Authentication & API keys
Authenticate to the Reeve API with a Bearer API key — how to create, send, and revoke keys, plus the request headers Reeve uses.
Authentication & API keys
Every request to the Reeve API is authenticated with an API key, sent as a Bearer token. Keys are created in the Reeve app, scoped to your app/organization, shown once, and revocable.
This page covers API authentication for calling https://api.meetreeve.com. For signing into the Reeve web app itself (magic link, Google, email + password), see Getting started.
Sending your key
Send the key in the Authorization header as a Bearer token:
curl https://api.meetreeve.com/api/crm/v1/contacts \
-H "Authorization: Bearer rcm_your_api_key"Reeve API keys are prefixed with rcm_. Requests without a valid key are rejected with 401.
Creating a key
Open the Reeve app and go to your app / developer settings.

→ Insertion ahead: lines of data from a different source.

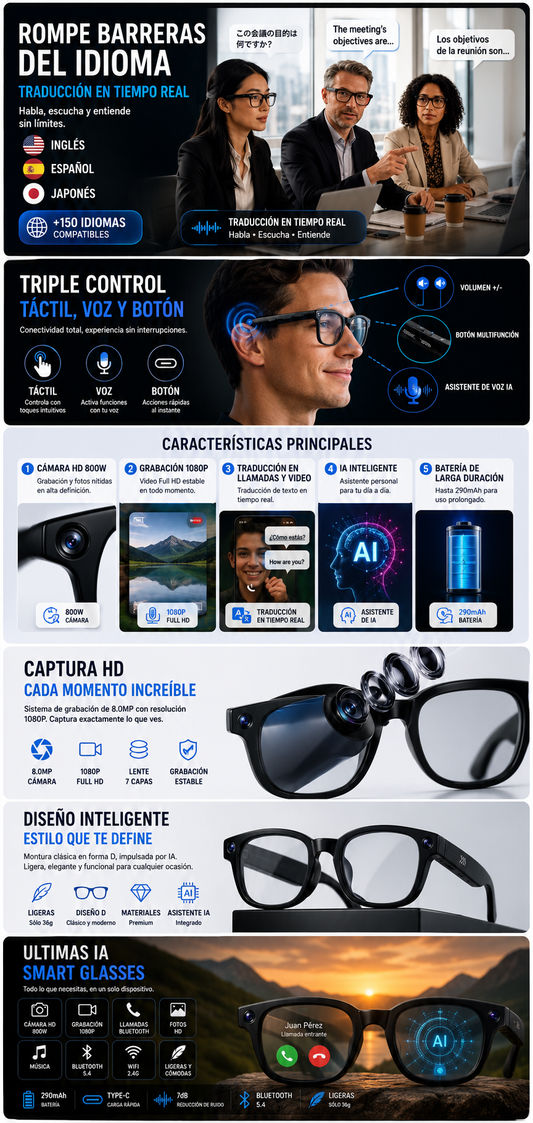 Gafas Inteligentes con IA | Cámara HD, Traducción en Tiempo Real y Asistente de Voz
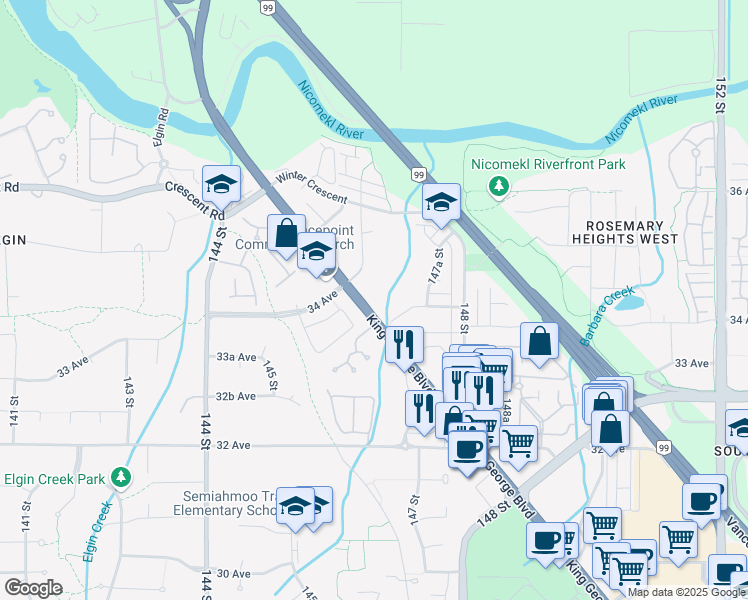map of restaurants, bars, coffee shops, grocery stores, and more near 3418 King George Hwy in Surrey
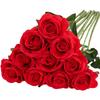 10pcs Artificial Flowers Rose Flower Branch Artificial Red Roses Realistic Fake Rose Bouquet Table Decoration Wedding Home Decor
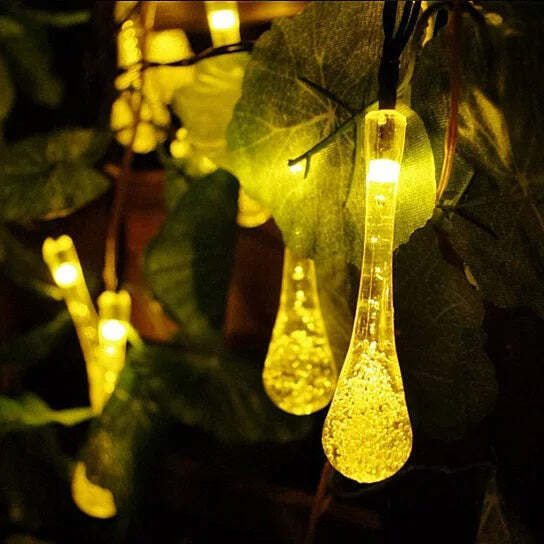 Size: 40 LED,Color: Warm White - Dew Droplets 20 LED Solar Lights Falling Like Dew K290-44722796921105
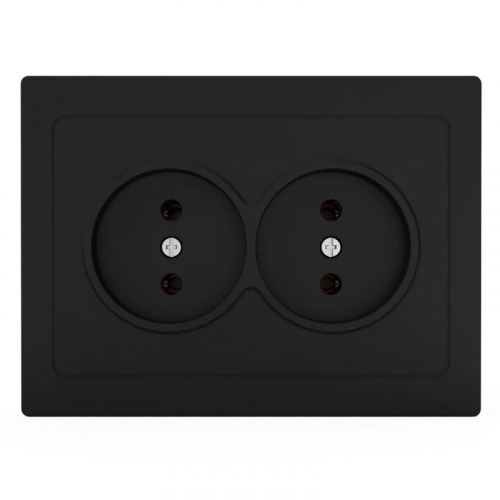 TKE-PX-R2F-C14 Розетка 2-м СП Pixel 16А IP20 без заземл. в сборе карбон TOKOV ELECTRIC  фото 2
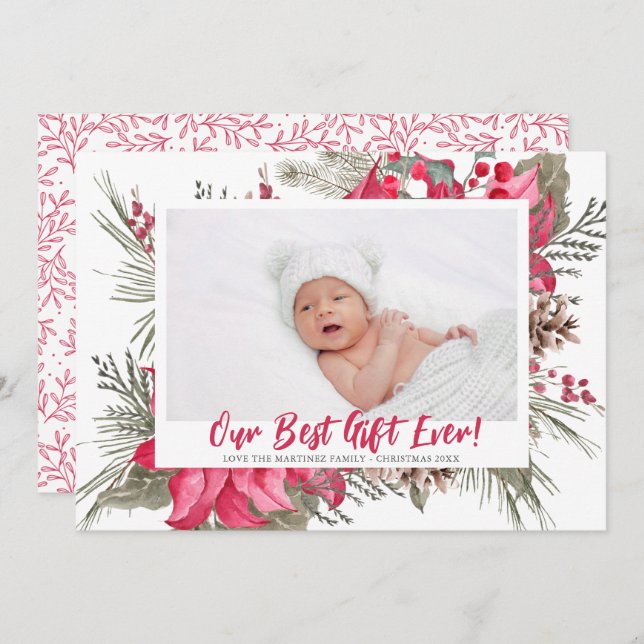 Our Best Gift Ever Baby Birth Announcement (Front/Back)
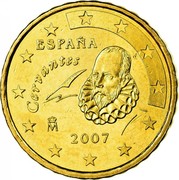 Spain 10 Euro Cent Cervantes 2007 (M) Proof KM# 1070 ESPAÑA CERVANTES M 2007 coin obverse Spain 10 Euro Cent Cervantes 2007 (M) Proof KM# 1070 ESPAÑA CERVANTES M 2007 coin obverse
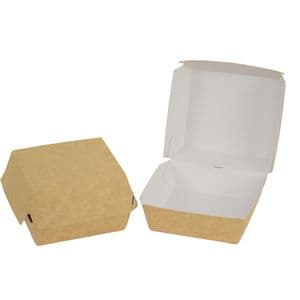 Picture 1 of karton snackbak Hamburgerbak bruin p2p 15.5x15.5x9 cm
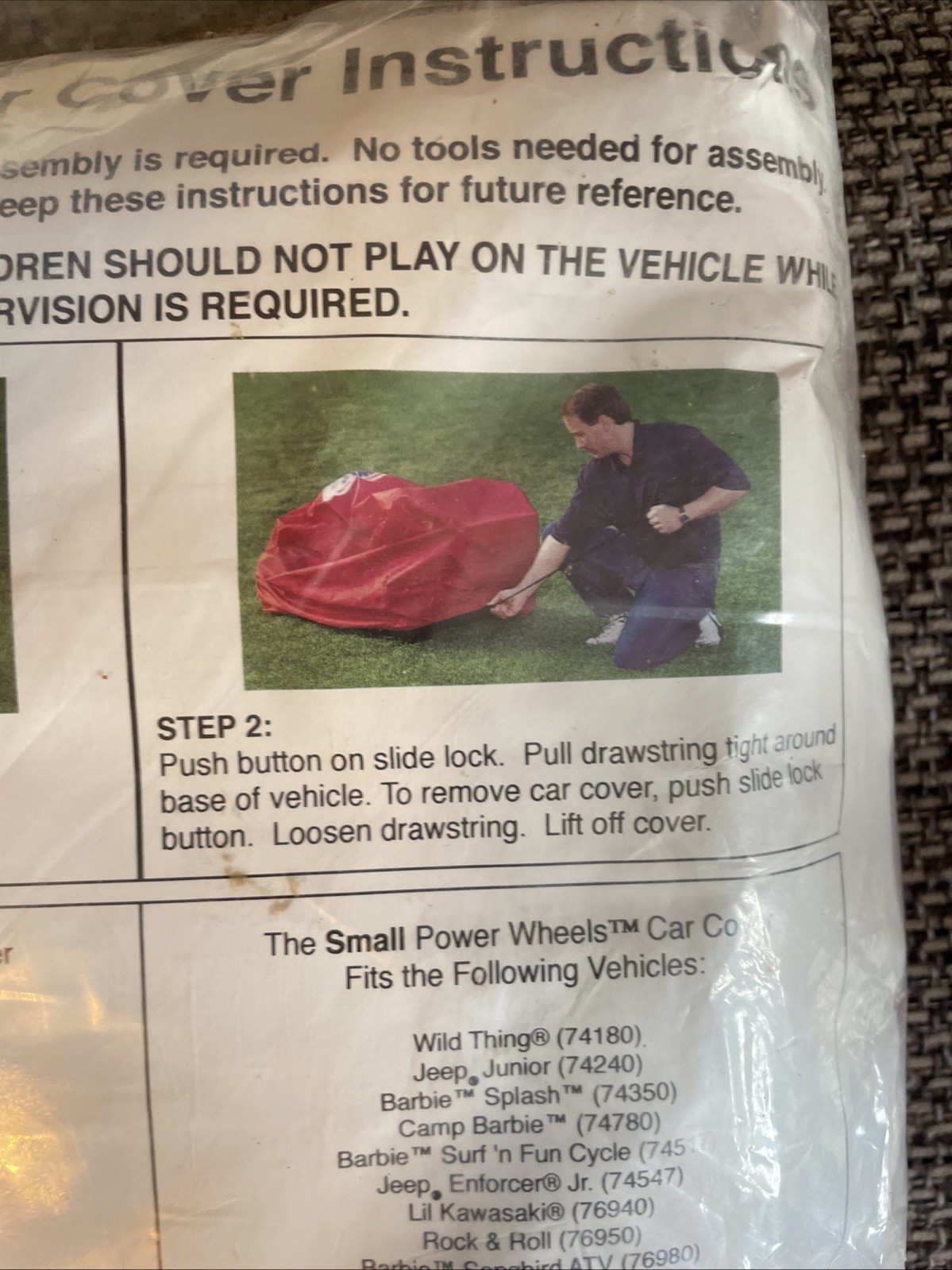 Vintage 1999 Power Wheels by Fisher Price Small Ride On Car Cover RED PW106-51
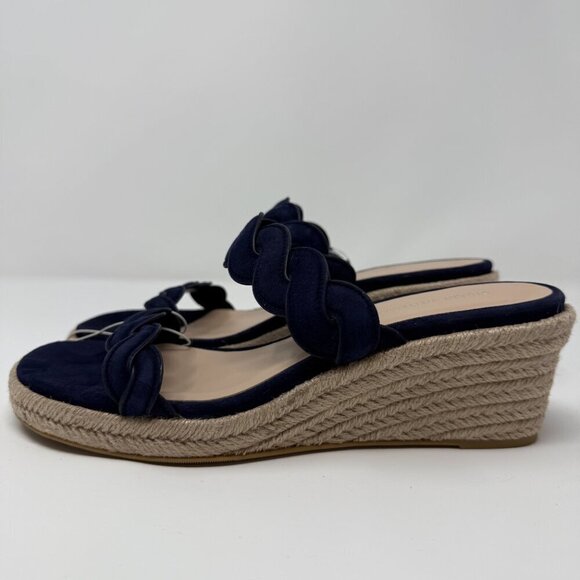 Stuart Weitzman Twistie Flat Sandals Open Toe Wedge Heels Women's 7 Navy NWOB - Picture 5 of 9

Create a new API key and give it a label so you can tell your keys apart later.
Copy the key now — it's shown only once at creation and never displayed again. Store it somewhere safe (a secrets manager or an environment variable).
export REEVE_API_KEY="rcm_..."
curl https://api.meetreeve.com/api/crm/v1/stats \
-H "Authorization: Bearer $REEVE_API_KEY"Treat API keys like passwords. Never commit them to version control, embed them in client-side code, or paste them into shared docs. Use environment variables or a secrets manager.
How keys work
- Hashed at rest. Reeve stores only a SHA-256 hash of your key, never the plaintext. That's why the key is shown once — there's no way to recover it later. If you lose it, create a new one.
- Multiple keys per app. You can issue more than one key (for example, one per environment) and label each.
- Revocable. Revoke a key from the Reeve app at any time. Revoked keys immediately stop authenticating; other keys keep working.
- Rotating keys. To rotate, create a new key, switch your integration to it, then revoke the old one.
Request headers
Beyond the Authorization header, Reeve API requests may include these headers:
| Header | Purpose |
|---|---|
Authorization: Bearer rcm_… | Required. Your API key. |
X-Org-Id | Optional. Targets a specific organization when your key has access to more than one. |
Idempotency-Key | Optional, on write endpoints. A unique value you supply so a retried request isn't applied twice. |
Content-Type: application/json | Required on requests with a JSON body. |
You may also see X-Reeve-Service-Token referenced in the API schemas. That header is for internal service-to-service calls inside the Reeve backend and is not the developer path — public integrations authenticate with an API key as shown above.
Idempotency
Write endpoints accept an optional Idempotency-Key header. Supply a unique value (a UUID is a good choice) and Reeve will ensure the operation is applied at most once even if the request is retried after a network error:
curl -X POST https://api.meetreeve.com/api/crm/v1/contacts \
-H "Authorization: Bearer $REEVE_API_KEY" \
-H "Idempotency-Key: $(uuidgen)" \
-H "Content-Type: application/json" \
-d '{ "email": "jane@acme.com" }'Errors
Authentication and validation failures use standard HTTP status codes:
| Status | Meaning |
|---|---|
401 | Missing, malformed, or revoked API key |
403 | Authenticated, but not allowed to access the requested resource |
422 | Request body or parameters failed validation |
See the API reference for the per-endpoint request and response shapes.